How to complete this task:
Once the line with "Today we're going" is found in the entries below, print it and each following line exactly, stopping after the line with "We'll go right"; print nothing else.

· · ·

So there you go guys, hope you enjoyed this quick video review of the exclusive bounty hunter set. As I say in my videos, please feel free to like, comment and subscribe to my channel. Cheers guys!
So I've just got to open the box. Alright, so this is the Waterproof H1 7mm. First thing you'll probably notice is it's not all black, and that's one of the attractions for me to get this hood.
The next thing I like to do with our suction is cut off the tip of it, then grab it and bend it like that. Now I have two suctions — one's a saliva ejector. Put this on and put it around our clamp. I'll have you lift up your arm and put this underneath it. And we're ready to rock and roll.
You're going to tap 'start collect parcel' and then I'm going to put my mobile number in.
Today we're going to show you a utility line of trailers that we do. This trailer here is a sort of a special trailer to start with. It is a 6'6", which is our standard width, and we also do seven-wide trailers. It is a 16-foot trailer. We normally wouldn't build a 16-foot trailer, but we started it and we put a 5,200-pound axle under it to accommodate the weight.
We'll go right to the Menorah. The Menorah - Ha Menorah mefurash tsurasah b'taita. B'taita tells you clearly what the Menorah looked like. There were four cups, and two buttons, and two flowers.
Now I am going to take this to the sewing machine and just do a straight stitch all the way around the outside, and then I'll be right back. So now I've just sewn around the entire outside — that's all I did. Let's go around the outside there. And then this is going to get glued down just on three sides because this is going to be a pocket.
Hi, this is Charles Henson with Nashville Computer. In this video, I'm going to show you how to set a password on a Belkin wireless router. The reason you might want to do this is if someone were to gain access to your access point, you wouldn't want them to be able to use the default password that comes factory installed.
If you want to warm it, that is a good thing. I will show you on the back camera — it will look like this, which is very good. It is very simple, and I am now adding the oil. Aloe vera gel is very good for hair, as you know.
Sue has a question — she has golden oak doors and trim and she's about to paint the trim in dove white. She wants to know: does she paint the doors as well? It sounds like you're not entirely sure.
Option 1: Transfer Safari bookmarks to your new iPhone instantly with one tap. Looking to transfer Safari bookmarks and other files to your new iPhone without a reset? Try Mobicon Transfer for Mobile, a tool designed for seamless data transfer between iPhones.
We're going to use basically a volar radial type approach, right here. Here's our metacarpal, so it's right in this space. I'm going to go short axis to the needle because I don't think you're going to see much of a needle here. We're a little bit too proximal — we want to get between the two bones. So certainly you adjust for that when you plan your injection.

· · ·

Answer below:
Today we're going to show you a utility line of trailers that we do. This trailer here is a sort of a special trailer to start with. It is a 6'6", which is our standard width, and we also do seven-wide trailers. It is a 16-foot trailer. We normally wouldn't build a 16-foot trailer, but we started it and we put a 5,200-pound axle under it to accommodate the weight.
We'll go right to the Menorah. The Menorah - Ha Menorah mefurash tsurasah b'taita. B'taita tells you clearly what the Menorah looked like. There were four cups, and two buttons, and two flowers.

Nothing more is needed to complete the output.